Desde el extremo de la cocina se escucha el chorro de agua chocando sobre la tarja; una luz taciturna ilumina dicha habitación, mientras una radio vieja sintoniza pobremente antiguas melodías ejecutadas en guitarra; en ciertos momentos, el chocar de trastes colocados en el fregadero despiertan al gato que, sin menor esfuerzo, vuelve a cerrar los ojos para dormir su siesta. Al cabo de varios minutos se cierra la llave del agua, mientras el arrastrar de las sandalias indican que la labor diaria ha terminado; cual efecto Doppler, la voz del locutor, que proviene de aquella radio, aumenta su intensidad junto con un paso lento. Finalmente, de la cocina, se asoma una mujer de edad avanzada, sosteniendo en una mano su mandil y en la otra su inseparable radio AM/FM.

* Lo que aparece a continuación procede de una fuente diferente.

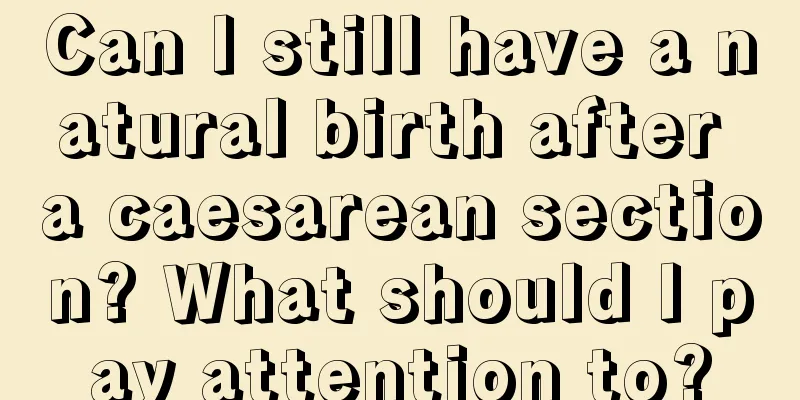 Can I still have a natural birth after a caesarean section? What should I pay attention to?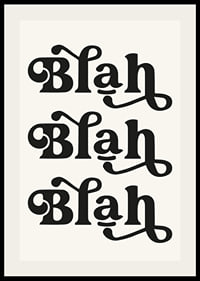 Graphic text with the words Blah Blah Blah in black against beige-2
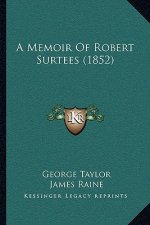 A Memoir of Robert Surtees (1852)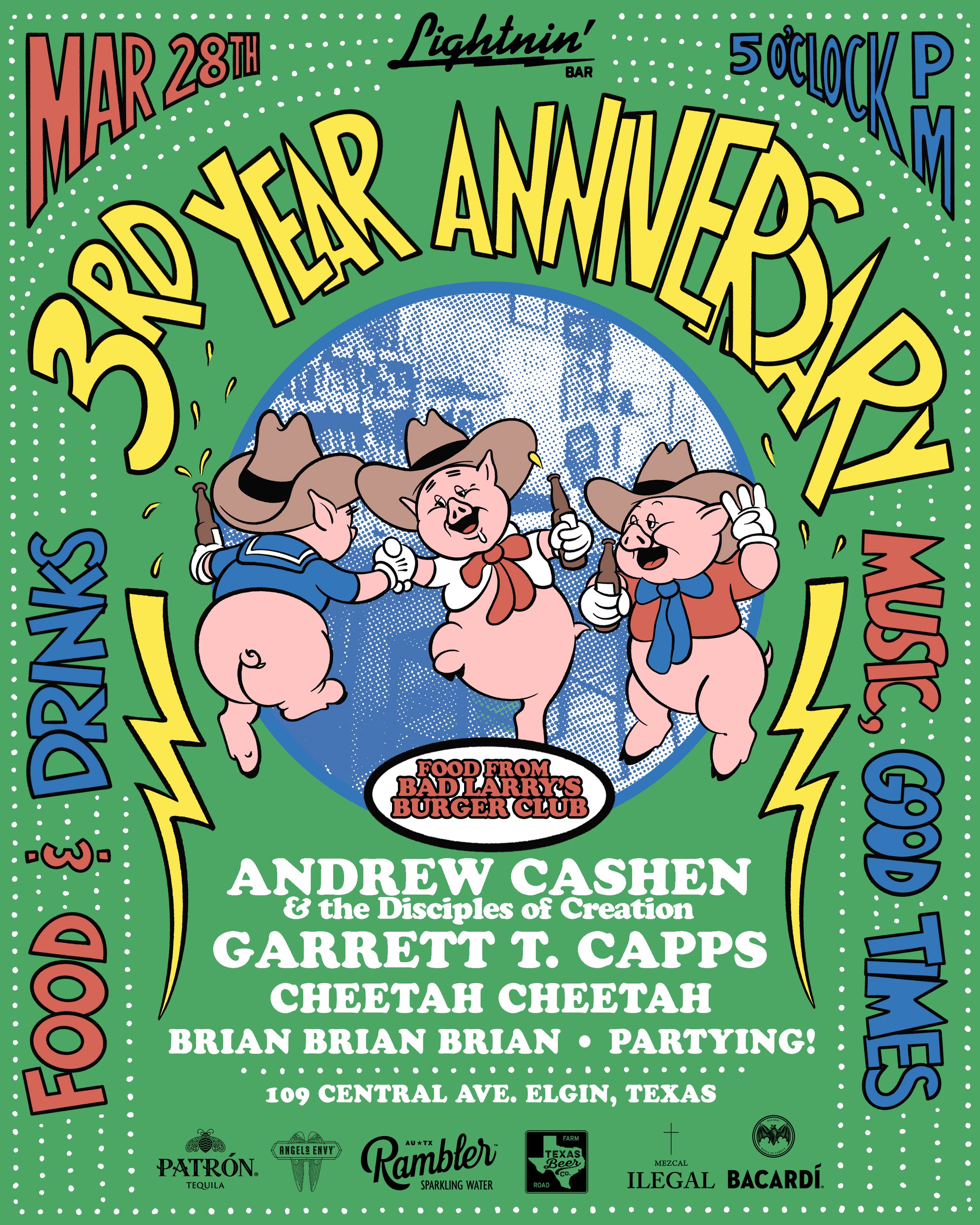 Poster for the 3rd year anniversary celebration on March 28th at Lightnin' Bar in Elgin, Texas. The poster features three pig characters dressed in cowboy hats and bandanas, dancing in front of a backdrop of Earth. Text announces performances by Andr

Por años, la relación entre la cocina y la mujer han sido inseparables para la sociedad mexicana. En toda casa popular, modesta y una que otra pipiris nice, las celebraciones familiares eran, o continúan, comandadas por las mujeres de la casa. Aunque, sin lugar a duda, corresponde a una tradición que puede tener un origen poco verosímil. A mediados del siglo XIX la culinaria mexicana estaba dividida en dos sectores, el campo y la ciudad. En el primero, el hombre, por medio de las actividades del campo, proveía de la materia prima al hogar, y la mujer se dedicaba a procesarlo. En el segundo caso, la necesidad de integrarse a la vida urbana dejaba un corto margen para realizar labores del hogar, nos enfocaremos en este caso.

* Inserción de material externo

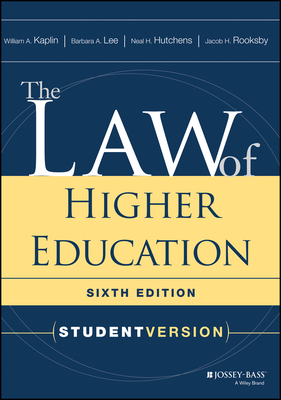 The Law of Higher Education, Student Version - Kaplin, William A, and Lee, Barbara A, and Hutchens, Neal H
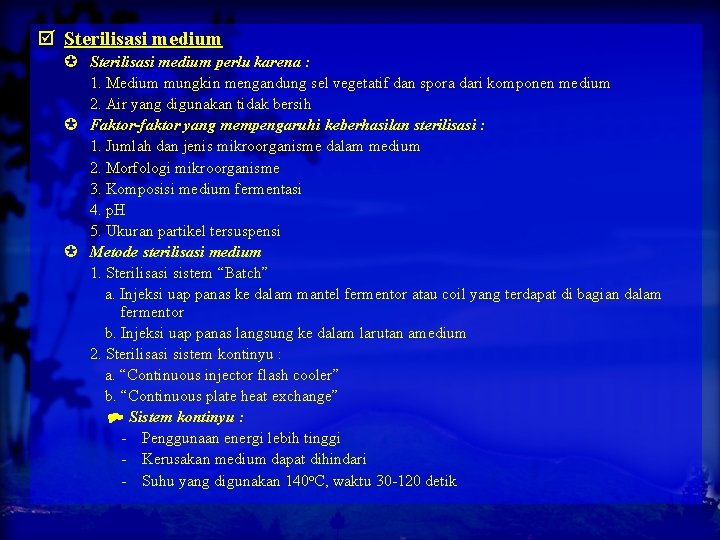  Sterilisasi medium perlu karena : 1. Medium mungkin mengandung sel vegetatif dan spora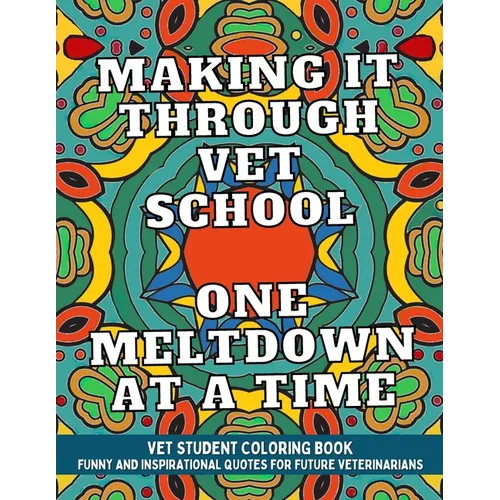 Vet Student Coloring Book: Funny and Inspirational Veterinary School Quotes for Pre-Vet Students and Future Veterinarians - Paperback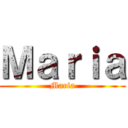 Ｍａｒｉａ (Maria)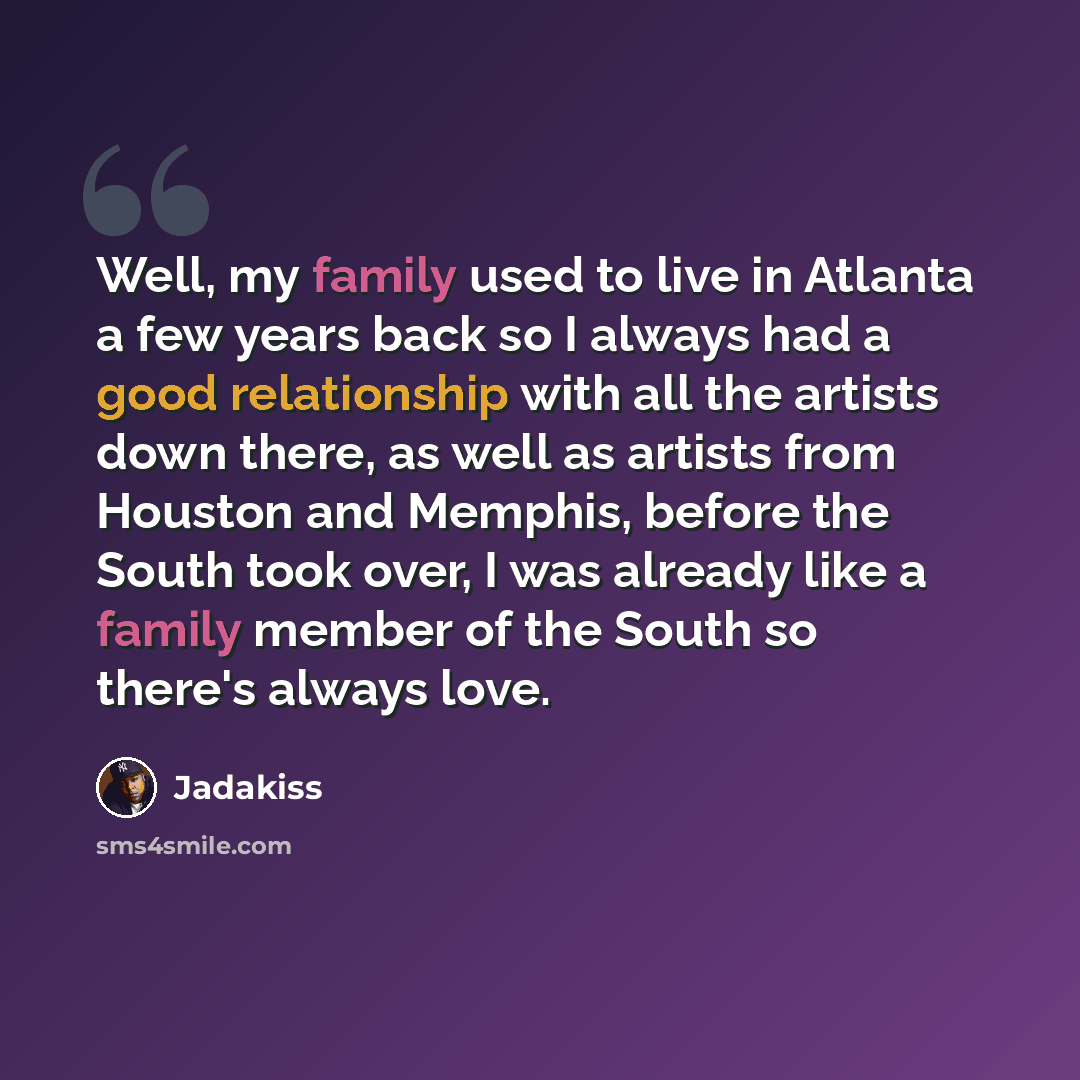 “Well, my family used to live in Atlanta a few years back so I always had a good relationship with all the artists down there, as well as artists from Houston and Memphis, before the South took over, I was already like a family member of the South so there's always love.” quote by Jadakiss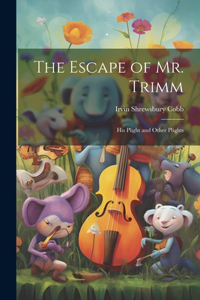 Escape of Mr. Trimm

Sin embargo, la aparición de recetarios con platillos tanto europeos como mexicanos abre una interrogante. ¿Cuál era la intensión de este esfuerzo? Y aquí una suposición, la sociedad urbana comenzó un proceso de transformación, desde el gobierno se impulsaba un modelo de vida afrancesado; por lo tanto, la población debía estar entendida en dicha cocina, pero tampoco se podía dejar de lado la identidad nacional, así es que era necesario presentar recetarios con la intención de elaborar en casa, y que, poco a poco, formaran parte de la dieta mexicana. Este modelo continuó por varios años, sobrevivió a la Revolución Mexicana y sirvió como medida de subsistencia en aquellos momentos para el ámbito urbano.

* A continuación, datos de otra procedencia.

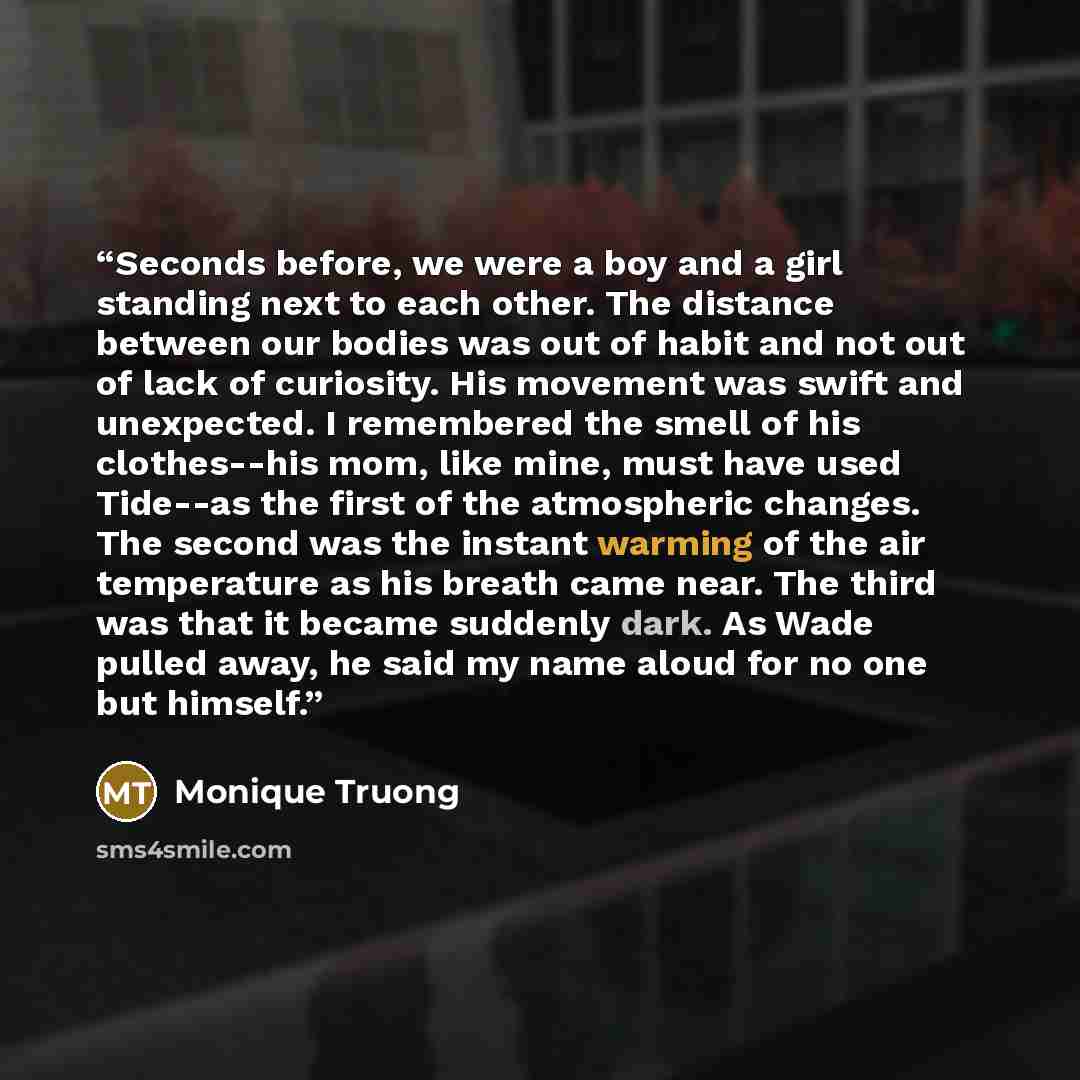 “Seconds before, we were a boy and a girl standing next to each other. The distance between our bodies was out of habit and not out of lack of curiosity. His movement was swift and unexpected. I remembered the smell of his clothes--his mom, like mine, must have used Tide--as the first of the…” quote by Monique Truong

Para la segunda mitad del siglo XX se había consolidado una sociedad femenina entendida en la cocina, con una serie de publicaciones semanales o de fácil acceso, como el caso de las recetas que acompañan a la comida enlatada o procesada, desde caldos de pollo en cubo, leches evaporadas o condensadas, hasta productos más modernos como el queso-crema o las sopas de pasta en bolsa. Al final del cuento, aquella estampa de la mujer urbana en la cocina no va más allá de principios del siglo XX, pero apuntaló una estructura familiar que hoy parece tener fecha de caducidad próxima.